Notice that the Majorana condition is invariant a global $U(1)$ transformation of the field $\chi_j(x)$ (carrying a $U(1)$ charge $Q$): $\chi_j(x)\to e^{i\alpha Q} \chi_j(x)$ iff $Q=0$. Therefore:
$\chi_j(x)$ cannot carry nonzero additive quantum numbers (e.g. lepton charge)
Given this let us now construct mass terms.  In the absence of RH singlet neutrino fields in the theory (which is the case in the Standard model), the flavour neutrinos and antineutrinos $\nu_l$ and $\bar{\nu}_l,l=e,\mu,\tau$ can have a mass term of the Majorana type given by :
$$
\mathcal{L}_M^{\nu}(x)=-\frac{1}{2}\overline{\nu^c_{l'R}}(x)M_{l'l}\nu_{lL}(x)+h.c., \nu^c_{l'R}\equiv C(\overline{\nu_{l'L}}(x))^T,
$$
Where $M$ is a general $3\times 3$ complex matrix. Now coming to your question: Is this mass term $SU(2)_L\times U(1)_Y$ invariant? The answer is clearly NO!  It is not invariant under the weak isospin symmetry, and it changes the weak hypercharge by two units (the hypercharge of all the SM neutrinos is $-1$ which implies that this mass term has a total $U(1)_Y$ charge $-2$). Therefore we need to generate this term via. a Higgs mechanism (as for the Dirac mass term for the electron) or higher loop correction to the SM Lagrangian or possibly some beyond the standard model process.
In conclusion the Standard Model (which does not include RH singlet neutrino fields and contains only the usual Higgs doublet), there is no way to give (Majorana) mass to the neutrinos if fermion (Lepton) number is conserved. Massive Majorana neutrinos appear in theories with no conserved additive quantum number, and more specifically, in which the total lepton charge L is not conserved and changes by two units.
However if you consider Standard model as an effective field theory then there is possibility to generate the above mass term via. higher dimensional operators (which is the context of the previous answer!)
A: The important point is the fact that such a mass term breaks the gauge symmetry (Edit: I am assming that you want to build the Majorana mass term using SM available fields -- no extension considered -- of which there is only $\nu_L$). Namely, the desired term is (one generation suffices):
$$\frac{1}{2}\,M\, \nu_L^T \,\mathcal{C}^\dagger\,\nu_L\, +\, \textrm{H.c.}$$
Now, for this term to respect the U(1) part of the gauge symmetry, the total hypercharge must be zero (it is not, as Orbifold pointed out).

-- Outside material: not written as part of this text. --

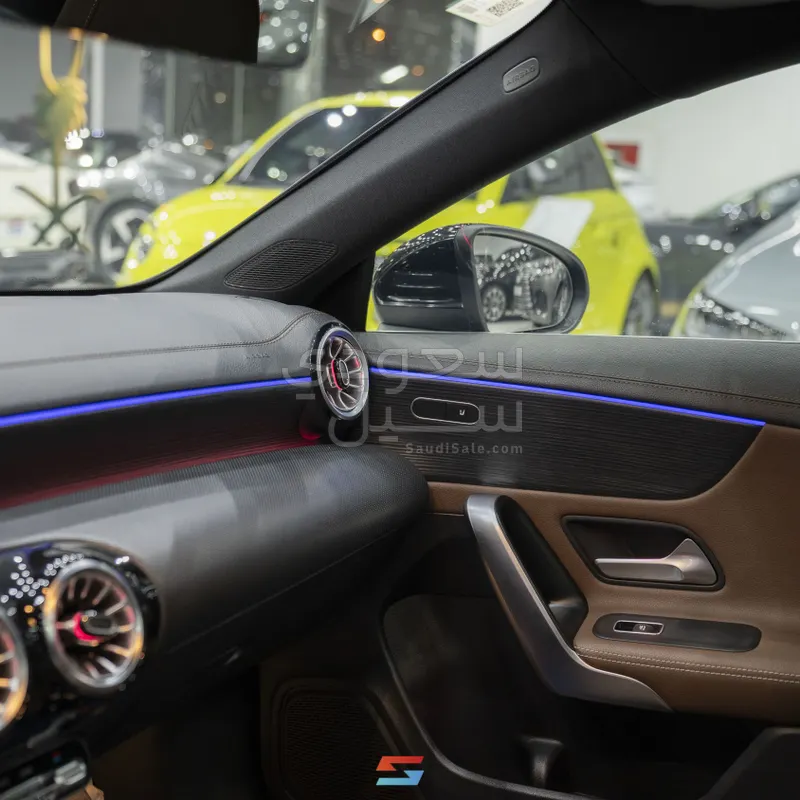 2022 مرسيدس - بنز سي إل أي 200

Moreover, as far as the SU(2) part is concerned, $\nu_L$ is part of a doublet. So, if your theory is invariant under that symmetry, you should be able to rotate the doublet $(\nu_L,\ell_L)$ under SU(2) with impunity, i.e. without changing the Lagrangian. Here, $\ell_L$ denotes a charged lepton. Clearly, a nontrivial SU(2) rotation would mix both $\nu_L$ and $\ell_L$ fields and the term/Lagrangian is not kept the same/invariant.
Recommended reading: beginning of section 6.4 of C. Giunti and C. Kim's 'Fundamentals of Neutrino Physics and Astrophysics' (Oxford, 2007).